Senão vejamos trechos do livro de Dworkin a respeito da figura do juiz Hércules e seu papel:
Podemos, portanto, examinar de que modo um juiz filósofo poderia desenvolver, nos casos apropriados, teorias sobre aquilo que a intenção legislativa e os princípios jurídicos requerem. Descobriremos que ele formula essas teorias da mesma maneira que um árbitro filósofo construiria as características de um jogo. Para esse fim, eu inventei um jurista de capacidade, sabedoria, paciência e sagacidade sobre-humanas, a quem chamarei de Hércules. Eu suponho que Hércules seja juiz de alguma jurisdição norte-americana representativa. Considero que ele aceita as principais regras não controversas que constituem e regem o direito em sua jurisdição. Em outras palavra, ele aceita que as leis têm o poder geral de criar e extinguir direitos jurídicos, e que os juízes têm o dever geral de seguir as decisões anteriores de seu tribunal ou dos tribunais superiores cujo fundamento racional (rationale), como dizem os juristas, aplica-se ao caso em juízo.(DWORKIN, 2002, p. 165).
É a partir do comprometimento do juiz diante das questões submetidas à sua apreciação que Dworkin concebe sua teoria constitucional, na qual o poder judiciário, representado por juízes tipo “Hércules”, é capaz de desenvolver uma teoria política completa apta a justificar a Constituição e, ao mesmo tempo, fundamentá-la por meio de “um conjunto complexo de princípios e políticas que justifiquem o sistema de governo”(DWORKIN, 2002, p. 167).
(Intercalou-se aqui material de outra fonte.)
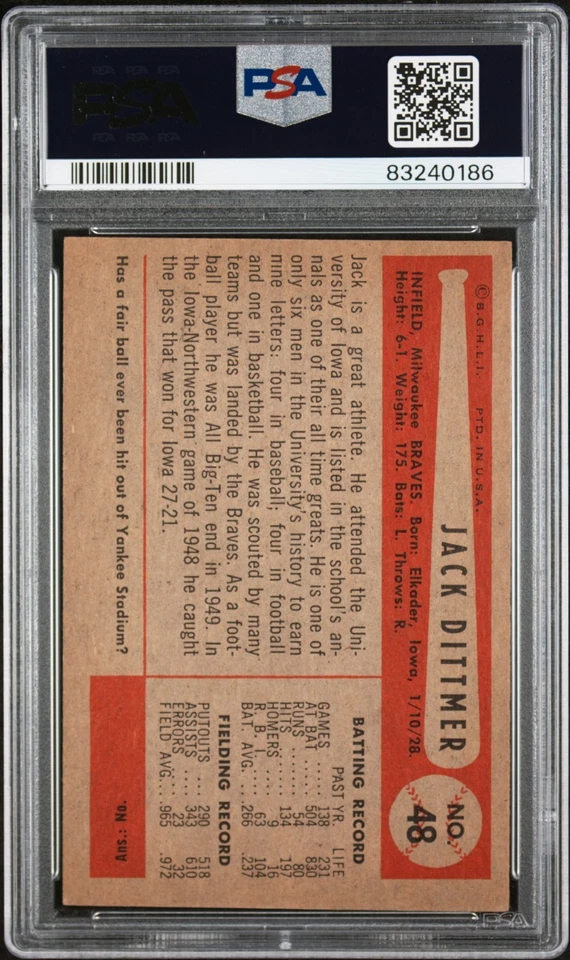 1954 BOWMAN #48 JACK DITTMER PSA EX 5 - Image 2 of 2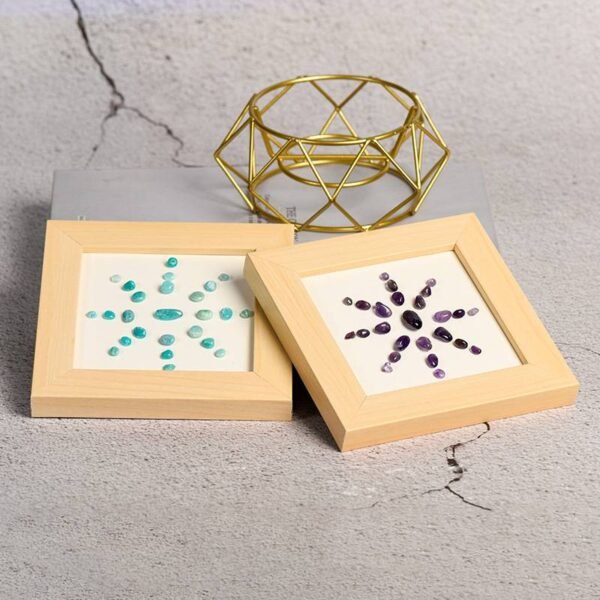 Flor Solar Piedra de Cristal Energética Marco de la Foto Decoraciones de Escritorio Regalo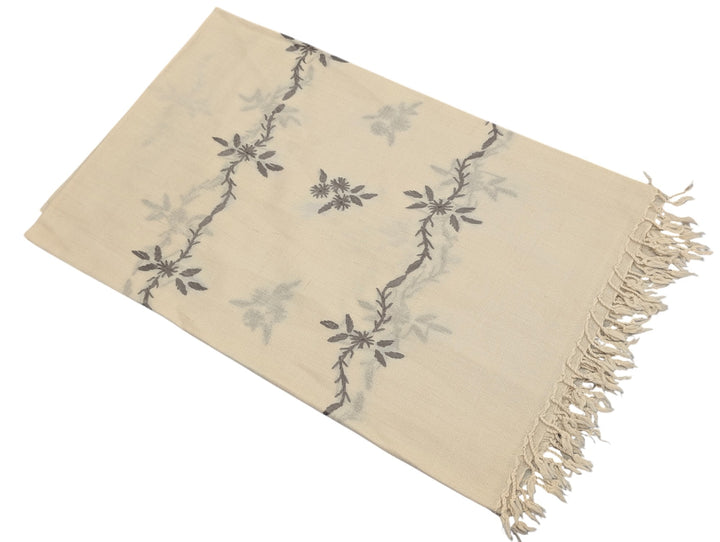 Handmade Women Wool Shawl Wrap Embroidered Design Off White Vine Floral 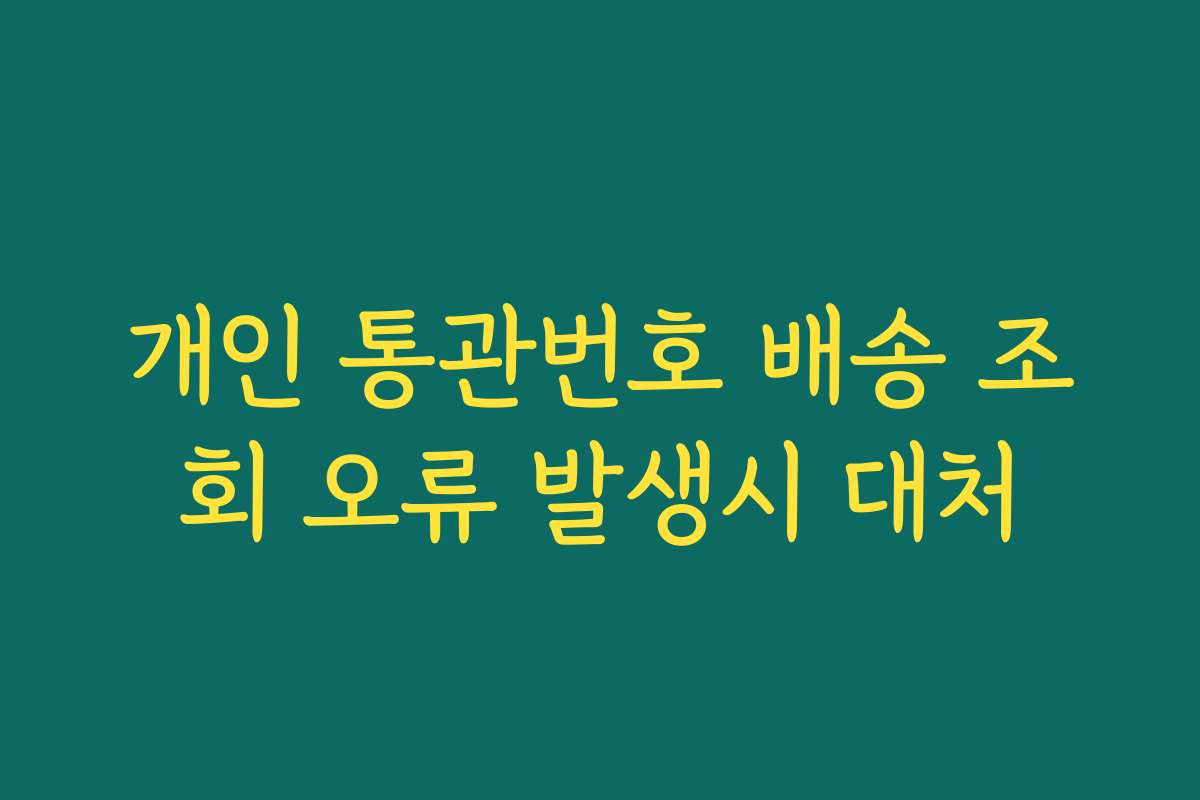 개인 통관번호 배송 조회 오류 발생시 대처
Para Dworkin cabe ao magistrado, ao se deparar com questões difíceis , em que a letra da lei não se subsume adequadamente à hipótese fática, questionar-se filosoficamente para decidir corretamente. Em suas palavras:
Hércules deve começar por perguntar-se por que uma lei tem o poder de alterar direitos jurídicos. Ele encontrará a resposta em sua teoria constitucional: esta pode determinar, por exemplo, que uma assembléia legislativa democraticamente eleita é o órgão apropriado para a tomada de decisões coletivas sobre a conduta que se pode considerar criminosa. Mas essa mesma teoria imporá responsabilidades ao poder legislativo: irá impor não apenas restrições que refletem os direitos individuais, mas também um dever geral de lutar por metas coletivas que definam o bem-estar público. Este fato propicia a Hércules um bom teste neste caso difícil. Ele poderia perguntar-se qual a interpretação que vincula de modo mais satisfatório a linguagem utilizada pelo poder legislativo a suas responsabilidades institucionais como juiz. (DWORKIN, 2002, p. 168-169)
Importante compreender que a interpretação realizada pelos juízes, da intenção da lei, na concepção de Dworkin, trata-se, em verdade, de possibilidades acerca de direitos políticos .
Ou seja, cabe ao órgão julgador compreender a intenção legislativa em conformidade com o momento de sua criação e os termos como fora concebida, a escolha política adotada, delimitando o processo interpretativo.
A decisão do magistrado é inserida neste contexto, mas não subordinada ao mesmo, como fotocópia da decisão legislativa, pois deve ser pautada em princípios norteadores do Estado Democrático de Direito e ao, mesmo tempo, na idéia de integração do direito.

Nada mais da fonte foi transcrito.